When you reach the line that contains "5918 Southwest Avenue, St Louis, MO 63139" in the data below, start reproducing lines exactly, and stop after the line that contains "Fatih te 3 İETT".

####

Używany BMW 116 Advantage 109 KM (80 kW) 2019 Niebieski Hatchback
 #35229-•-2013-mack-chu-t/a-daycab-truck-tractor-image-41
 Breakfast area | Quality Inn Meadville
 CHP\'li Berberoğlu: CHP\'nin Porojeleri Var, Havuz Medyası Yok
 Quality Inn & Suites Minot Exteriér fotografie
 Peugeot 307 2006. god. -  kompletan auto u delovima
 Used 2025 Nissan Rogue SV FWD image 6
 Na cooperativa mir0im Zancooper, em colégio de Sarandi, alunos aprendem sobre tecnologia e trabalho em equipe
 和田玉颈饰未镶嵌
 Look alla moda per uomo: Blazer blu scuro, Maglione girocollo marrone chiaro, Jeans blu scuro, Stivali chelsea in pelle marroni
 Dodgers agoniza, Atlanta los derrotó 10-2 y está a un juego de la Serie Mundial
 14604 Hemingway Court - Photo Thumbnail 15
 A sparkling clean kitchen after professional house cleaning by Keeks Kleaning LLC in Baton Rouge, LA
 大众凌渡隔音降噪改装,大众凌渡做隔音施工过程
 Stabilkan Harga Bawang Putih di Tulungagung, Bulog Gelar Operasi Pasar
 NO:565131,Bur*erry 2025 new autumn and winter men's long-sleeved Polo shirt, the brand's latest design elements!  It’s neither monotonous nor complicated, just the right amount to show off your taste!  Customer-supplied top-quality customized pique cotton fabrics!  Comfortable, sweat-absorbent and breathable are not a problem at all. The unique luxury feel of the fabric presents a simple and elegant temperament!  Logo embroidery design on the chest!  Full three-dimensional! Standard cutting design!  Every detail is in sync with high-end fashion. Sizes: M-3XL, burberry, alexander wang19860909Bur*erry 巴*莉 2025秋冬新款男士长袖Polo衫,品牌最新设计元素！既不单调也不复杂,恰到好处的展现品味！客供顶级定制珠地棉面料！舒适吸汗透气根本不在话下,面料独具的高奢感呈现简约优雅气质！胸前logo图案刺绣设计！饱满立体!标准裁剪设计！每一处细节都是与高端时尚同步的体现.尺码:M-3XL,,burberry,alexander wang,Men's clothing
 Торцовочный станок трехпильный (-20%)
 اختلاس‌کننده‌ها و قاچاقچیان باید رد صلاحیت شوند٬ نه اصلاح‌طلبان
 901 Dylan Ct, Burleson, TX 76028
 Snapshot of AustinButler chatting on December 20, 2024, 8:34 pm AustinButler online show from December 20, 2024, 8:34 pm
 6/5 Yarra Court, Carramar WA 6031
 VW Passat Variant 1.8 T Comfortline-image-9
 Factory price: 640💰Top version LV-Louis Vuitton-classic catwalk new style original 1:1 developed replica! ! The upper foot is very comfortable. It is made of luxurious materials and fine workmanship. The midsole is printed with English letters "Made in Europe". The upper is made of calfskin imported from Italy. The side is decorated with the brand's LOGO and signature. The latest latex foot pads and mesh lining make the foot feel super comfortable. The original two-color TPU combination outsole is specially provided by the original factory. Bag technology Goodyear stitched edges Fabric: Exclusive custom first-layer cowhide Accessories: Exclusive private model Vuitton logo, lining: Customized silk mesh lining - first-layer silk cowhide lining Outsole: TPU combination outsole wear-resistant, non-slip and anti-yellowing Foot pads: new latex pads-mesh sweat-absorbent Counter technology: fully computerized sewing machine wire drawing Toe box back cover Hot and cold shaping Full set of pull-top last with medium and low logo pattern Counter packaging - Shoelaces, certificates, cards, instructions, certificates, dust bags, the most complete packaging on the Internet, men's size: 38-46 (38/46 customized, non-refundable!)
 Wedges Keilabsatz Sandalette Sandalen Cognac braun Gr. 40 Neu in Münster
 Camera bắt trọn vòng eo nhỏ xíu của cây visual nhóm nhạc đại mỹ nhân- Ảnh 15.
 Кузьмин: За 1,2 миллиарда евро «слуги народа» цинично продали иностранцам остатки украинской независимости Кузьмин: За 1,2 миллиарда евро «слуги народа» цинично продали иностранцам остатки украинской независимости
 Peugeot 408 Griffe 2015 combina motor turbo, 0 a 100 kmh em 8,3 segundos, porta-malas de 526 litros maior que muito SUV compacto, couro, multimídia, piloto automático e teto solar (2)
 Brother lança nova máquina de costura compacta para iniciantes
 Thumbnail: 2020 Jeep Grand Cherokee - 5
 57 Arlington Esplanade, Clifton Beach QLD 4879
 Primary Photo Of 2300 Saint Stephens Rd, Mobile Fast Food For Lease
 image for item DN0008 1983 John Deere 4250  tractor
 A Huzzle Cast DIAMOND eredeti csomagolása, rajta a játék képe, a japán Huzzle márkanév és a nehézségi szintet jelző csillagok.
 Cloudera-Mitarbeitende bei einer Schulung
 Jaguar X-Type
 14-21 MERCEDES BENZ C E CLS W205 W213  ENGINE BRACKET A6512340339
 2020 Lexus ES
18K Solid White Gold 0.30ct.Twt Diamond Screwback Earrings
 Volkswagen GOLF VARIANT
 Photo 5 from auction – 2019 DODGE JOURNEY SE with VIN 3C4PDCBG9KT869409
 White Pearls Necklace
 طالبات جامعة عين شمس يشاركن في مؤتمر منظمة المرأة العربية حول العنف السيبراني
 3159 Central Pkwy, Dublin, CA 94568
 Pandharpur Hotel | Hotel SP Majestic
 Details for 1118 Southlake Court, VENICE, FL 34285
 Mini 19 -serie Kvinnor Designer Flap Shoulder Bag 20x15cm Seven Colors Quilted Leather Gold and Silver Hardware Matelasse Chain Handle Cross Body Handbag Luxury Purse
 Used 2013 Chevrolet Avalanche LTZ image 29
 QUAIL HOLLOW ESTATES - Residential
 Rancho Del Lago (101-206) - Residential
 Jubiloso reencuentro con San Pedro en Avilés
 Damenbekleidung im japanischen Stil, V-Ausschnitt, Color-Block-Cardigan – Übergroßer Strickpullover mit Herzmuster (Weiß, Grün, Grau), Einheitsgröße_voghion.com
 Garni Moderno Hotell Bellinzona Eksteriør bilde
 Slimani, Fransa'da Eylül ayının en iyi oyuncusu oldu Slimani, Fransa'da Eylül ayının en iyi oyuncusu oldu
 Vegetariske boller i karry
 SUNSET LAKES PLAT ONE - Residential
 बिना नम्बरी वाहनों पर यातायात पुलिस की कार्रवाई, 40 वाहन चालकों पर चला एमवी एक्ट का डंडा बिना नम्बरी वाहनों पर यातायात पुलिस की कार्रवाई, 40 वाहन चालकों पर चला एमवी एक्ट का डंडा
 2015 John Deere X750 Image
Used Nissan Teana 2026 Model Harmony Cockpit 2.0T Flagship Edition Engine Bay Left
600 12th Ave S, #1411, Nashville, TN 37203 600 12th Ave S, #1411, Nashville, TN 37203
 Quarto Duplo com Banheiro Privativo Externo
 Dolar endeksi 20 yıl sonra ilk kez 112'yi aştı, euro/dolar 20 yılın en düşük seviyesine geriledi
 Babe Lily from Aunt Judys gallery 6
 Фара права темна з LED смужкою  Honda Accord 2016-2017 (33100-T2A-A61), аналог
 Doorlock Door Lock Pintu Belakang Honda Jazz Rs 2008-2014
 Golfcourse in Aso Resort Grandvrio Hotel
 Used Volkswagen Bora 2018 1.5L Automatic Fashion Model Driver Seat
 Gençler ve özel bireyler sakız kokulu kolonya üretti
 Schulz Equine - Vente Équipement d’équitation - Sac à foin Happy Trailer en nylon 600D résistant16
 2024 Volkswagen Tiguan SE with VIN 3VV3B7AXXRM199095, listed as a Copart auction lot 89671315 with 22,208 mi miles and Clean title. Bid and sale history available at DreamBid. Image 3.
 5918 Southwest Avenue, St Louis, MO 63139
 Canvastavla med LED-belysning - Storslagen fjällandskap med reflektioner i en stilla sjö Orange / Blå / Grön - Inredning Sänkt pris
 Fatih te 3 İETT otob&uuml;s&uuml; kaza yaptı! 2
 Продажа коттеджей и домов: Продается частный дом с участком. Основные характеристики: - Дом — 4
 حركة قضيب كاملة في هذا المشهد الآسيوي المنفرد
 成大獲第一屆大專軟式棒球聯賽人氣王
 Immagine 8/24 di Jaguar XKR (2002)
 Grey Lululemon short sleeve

####

_EXERCISE OUTPUT_
 5918 Southwest Avenue, St Louis, MO 63139
 Canvastavla med LED-belysning - Storslagen fjällandskap med reflektioner i en stilla sjö Orange / Blå / Grön - Inredning Sänkt pris
 Fatih te 3 İETT otob&uuml;s&uuml; kaza yaptı! 2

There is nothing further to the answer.